Originally published in Blakes Bulletin in Intellectual Property - Special Patent Issue, September 2006
The Ontario Superior Court of Justice in Governing Council of the University of Toronto v. John N. Harbinson Limited supported the application of arbitration clauses in patent and other intellectual property license agreements, holding that a dispute relating to warranties regarding inventorship and ownership of the invention in a patent license agreement should be resolved pursuant to the arbitration clause in the agreement.
Increasingly, parties are including provisions in agreements to provide for the arbitration of disputes.
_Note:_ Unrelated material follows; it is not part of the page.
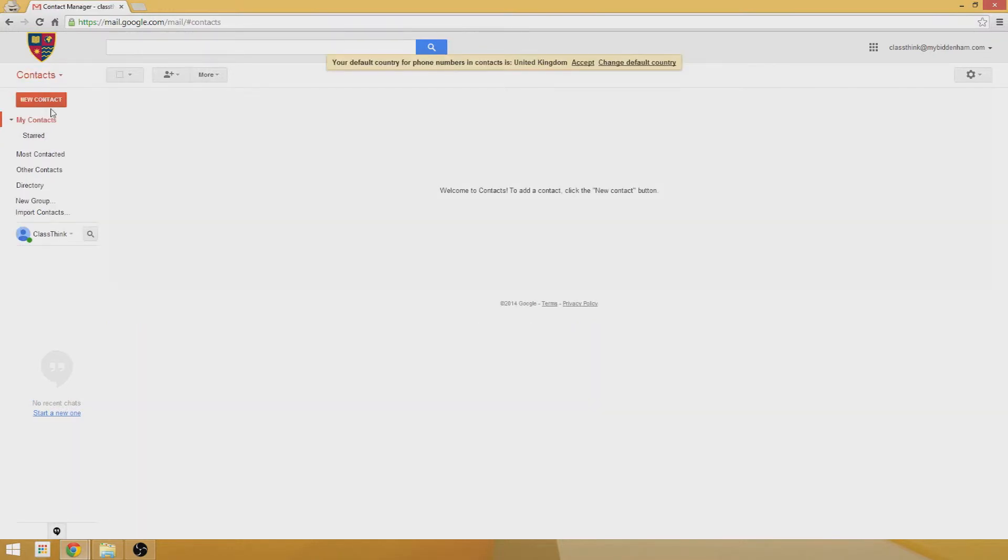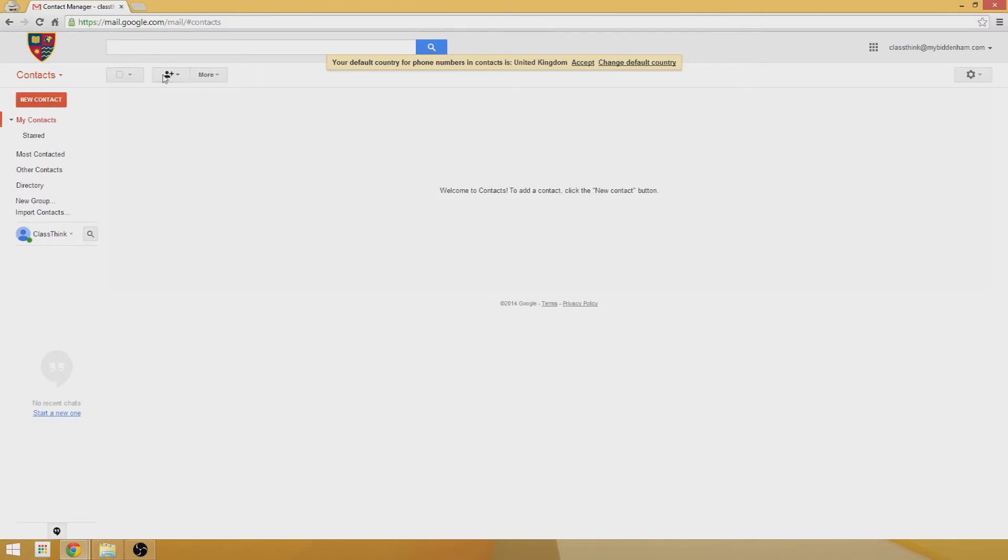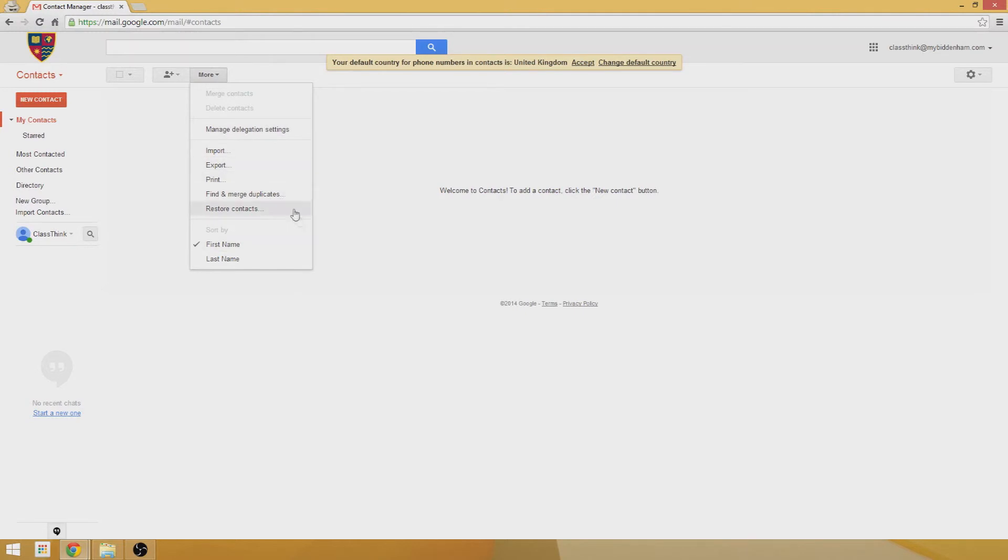Then you can access your contact list from in here. You can create new contacts and groups, and you can also do things like manage delegation section of your contacts, import and export, and other useful features.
Disputes in relation to technology, patent and other intellectual property licenses are particularly appropriate for arbitration because of the desire to maintain confidentiality about the licensed technology and rights, as well as the continuing relationship between the parties.
The University of Toronto and its Innovations Foundation (collectively, the University) entered into a license agreement with a predecessor of John N. Harbinson Limited (Harbinson) in which the University granted the worldwide exclusive right to exploit products relating to an invention (the Agreement). The University claimed that it owned the licensed invention because one of its professors, Hubbes, was an inventor of the invention. Harbinson and the University were also parties to a related research agreement which required Harbinson to fund research by Hubbes on the invention.In the Agreement, the University warranted that, to the best of its knowledge, Hubbes was the sole inventor of the invention, and that the University owned the invention and had the exclusive right to grant the licence. The arbitration clause provided that "any dispute, controversy or claim arising from this Agreement or its breach, termination or alleged invalidity shall be settled by arbitration in accordance with the Arbitrations Actof Ontario".In the course of the research, Hubbes discovered a new fungus. Harbinson alleged that Hubbes had misled Harbinson as to the status of the research and that the University had, in breach of the Agreement, obstructed Harbinson’s efforts to capitalize upon this development.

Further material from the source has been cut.